Friday, January 30, 2015

The Ducks Were Laughing

There's been a lot of this lately. AZ Canal near 60th Street, where the pavement ends/starts.

It's Super Duper Mega Epic Sports Event weekend here in Phoenix, and to welcome everyone to the Valley of the Sun, we've served up some gray, rainy days. Against the advice of others who may not ride bikes in the rain ever, I continued commuting by bicycle, which was no big deal. Put on a rain coat, carry some dry clothes in the waterproof bag just in case it pours, no problem.

Lately, I've been adding about two bonus miles onto my commute, just to get a little more exercise. It's a nice paved stretch along the canal. It's a good place to get a few extra minutes of exercise in, to burn a few more calories, to think things over, etc. On the ride home, though, it was getting cooler, and the ducks in the canal seemed to be laughing at me for willingly spending more time out there.

Laugh it up, waterproof funny guy

That's OK. I guess I deserve it. The ducks appeared to be enjoying the unusually wet weather, splashing around, flapping up on their legs and making a general party-like duck ruckus. With all the Super Duper Mega Epic Sporting Event Related Gatherings and Excuses to Drink Excessively going on, I was a little wary about riding on the streets. There are already some clearly drunk people swerving around out there. But, I stayed mainly to back streets and the canal, and everything went fine. I did notice that the TV people looked a little dejected in the rain:

The break in the clouds closed up again fast. I wonder if they know the Super Bowl is a fun ride about 25 miles down the canal from here.

I think the media showed up here expecting to see crowds of fans carousing in a drunken pre-game frenzy. Instead, there were just some dedicated cyclists and some tarp-covered vendor booths, along with a few hardcore visitors, probably from Seattle anyway, who felt that this gentle drizzle was nothing to stay inside for. 

I don't think the heavy stuff is going to come down for quite a while

The TV people looked like they were waiting for the rain to let up, but eventually when it became clear that the gentle ripping drizzle was going to continue, they shut it down, packed it up, and went back to their own preferred indoor drinking locations, to join the multitudes partying already in progress. I saw my favorite local weather woman here once this week, and kept thinking she would come back, but it seemed, perhaps, that the weather kept the weather girl away.

I kind of hope it rains hard all weekend. In the desert, we can always use it, but more than that, it would be great to come back here early Sunday evening to see if the ducks are watching the Super Duper etc.

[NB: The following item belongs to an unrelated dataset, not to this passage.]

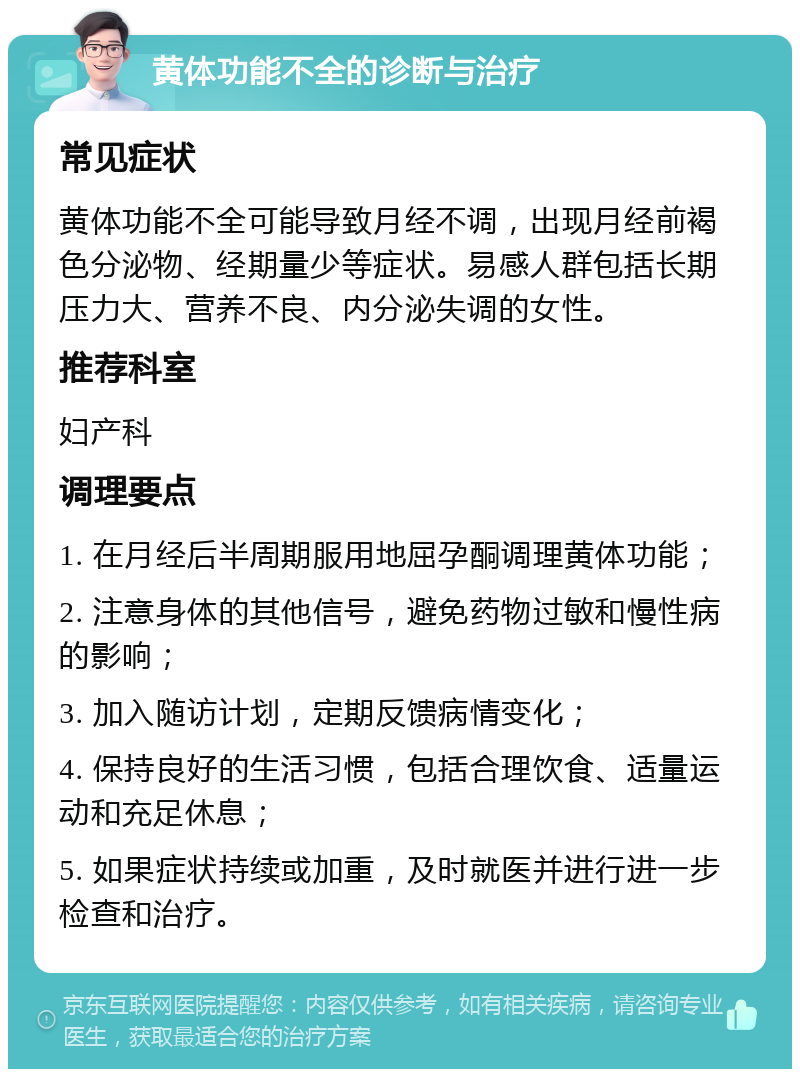 黄体功能不全的诊断与治疗 常见症状 黄体功能不全可能导致月经不调，出现月经前褐色分泌物、经期量少等症状。易感人群包括长期压力大、营养不良、内分泌失调的女性。 推荐科室 妇产科 调理要点 1. 在月经后半周期服用地屈孕酮调理黄体功能； 2. 注意身体的其他信号，避免药物过敏和慢性病的影响； 3. 加入随访计划，定期反馈病情变化； 4. 保持良好的生活习惯，包括合理饮食、适量运动和充足休息； 5. 如果症状持续或加重，及时就医并进行进一步检查和治疗。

Epic Event on the big screen. I bet they would still be laughing.

Wednesday, January 28, 2015

Circling the Mountain

Camelback Mountain at night, north side

Some days, in the normal course of commuting by bicycle and making some routine stops, I end up making a complete circle around Camelback Mountain in Phoenix. Not right around the base, but close enough to know it's near, and, exactly a full or complete squarish circle around it. On some of those days, the schedule causes me to be on the northern leg of the squarish circle at night. It's not an extremely bicycle-friendly zone, but on the other hand I do enjoy the stretches of riding downhill on a swoopy path in the dark.

This is one of my favorite views, which the photo above barely transmits but perhaps it gives something of the idea, of this great chunk of rock that looms up in the middle of our city. For reasons not entirely clear, it felt like a privilege to ride around it on my bicycle on this warm night, and to be able to stop with my bicycle beside a sidewalk in relatively quiet spot to look up at it. 

I circle the mountain, and these odd but grand notions that capture my notice take on significance beyond obvious or immediate concerns, but maybe tie me to others who have looked up at this chunk of rock on a quiet night within the last several thousand years and perhaps felt something similar that was also bigger than their own specific and transient details.

Saturday, January 24, 2015

Trunk Bag Grocery Shopping: It'll Fit

Trunk bag, about 90% full (top webbing still empty, though)

The trunk bag is one of my favorites: easy on, easy off, compact when empty, holds a lot when full, expands to hold more when you need, has a place on top for the helmet to ride when I'm carrying it around. Still, I've been tempted to use a larger bag for grocery shopping, in order to make sure it all fits. But, after a few outings to tune the shopping list, it all fits.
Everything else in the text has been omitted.